Po raz pierwszy od ponad 20 lat udział samochodów z silnikami Diesla zmaleje w tym roku we Francji. Pojazdy te nadal dominują na rynku, bo po 9 miesiącach stanowią 67,9 proc. zarejestrowanych nowych pojazdów. Oznacza to jednak duży spadek wobec 2012 r., gdy proporcja ta wynosiła 72,9 proc.
Dla przedstawicieli branży samochodowej jest kilka przyczyn. — Niepewność co do wysokości opodatkowania oleju napędowego ma duży wpływ na wielkość zakupów — wyjaśnia Thierry Archambault z organizacji zagranicznych producentów CSIAM. Odroczenie przez rząd do 2015 r. planu podwyższenia akcyzy nie wystarczyło do przekonania chętnych do kupowania samochodów „na ropę".
Najbardziej jest to widoczne w segmencie małych pojazdów. — Sprzedaż nowego Peugeota 208 z silnikiem Diesla zmalała do 67 proc., podczas gdy poprzedni model 207 osiągnął 81 proc. — stwierdza rzecznik producenta.
Dla takich samochodów rachunek ekonomiczny staje się coraz mniej korzystny. — Wcześniej mieliśmy do czynienia z tendencją kupowania aut z silnikami Hdi, dziś proponujemy raczej silniki benzynowe klientom, którzy deklarując, że nie przejadą więcej niż 15 tys. km w ciągu roku — przyznaje przedstawiciel salonu w regionie paryskim.
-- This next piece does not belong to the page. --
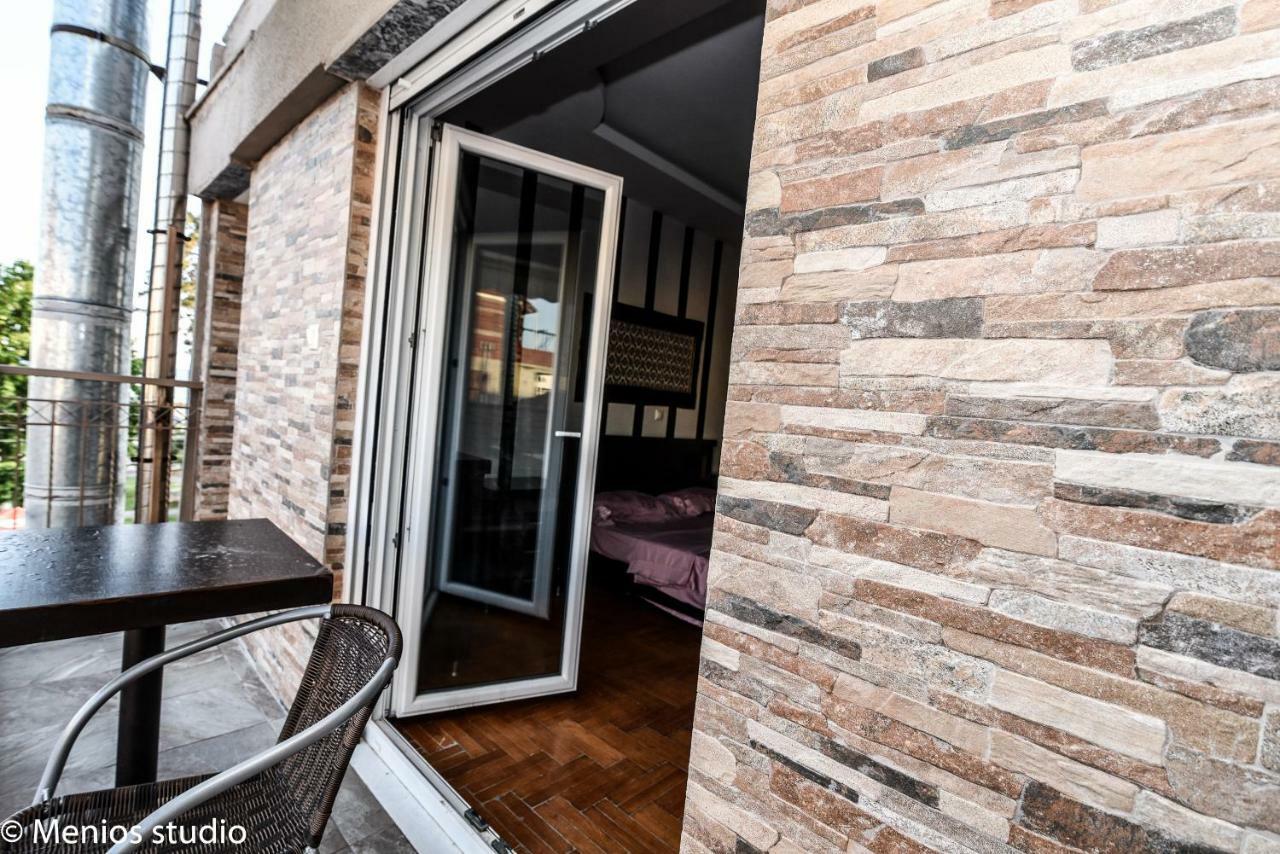 Menios Apartments And Studios Nea Kallikrateia Buitenkant foto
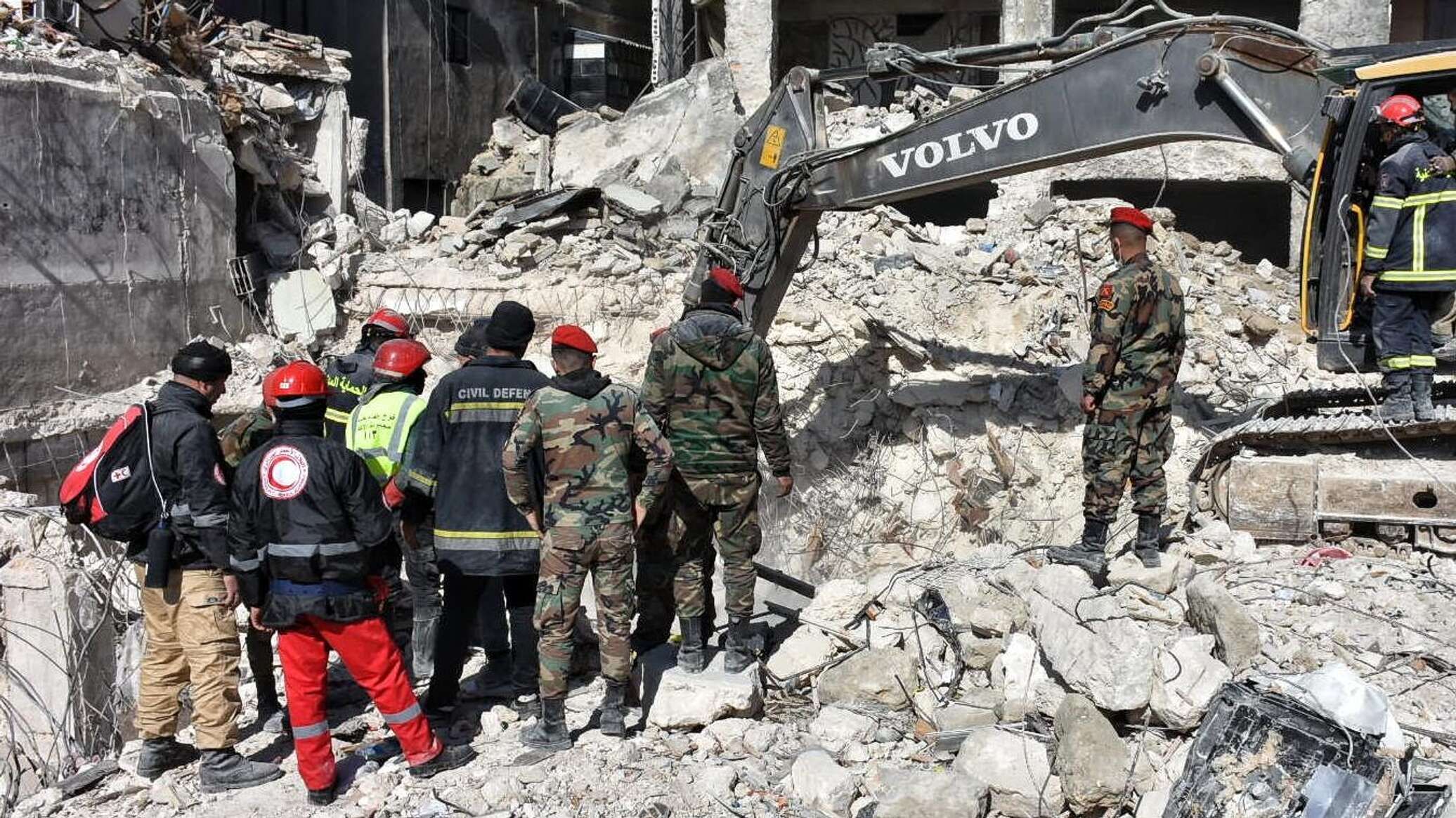 "الحصار والإرهاب والزلزال".. أقانيم الموت التي لاحقت أرواح سكان حلب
Wynika to z tego, że skończyły się na dobre czasy, gdy auta na olej napędowy były bliskie w cenie pojazdów benzynowych — dodaje prezes Forda we Francji, Jean-Luc Gérard. Przez wiele lat firmy samochodowe starały się nie przerzucać na klienta wyższych kosztów produkcji samochodów wysokoprężnych. Teraz już tak nie jest, bo dodatkowo „jakość silników benzynowych bardzo zbliżyła się do dieslowskich" — mówią w Renaulcie.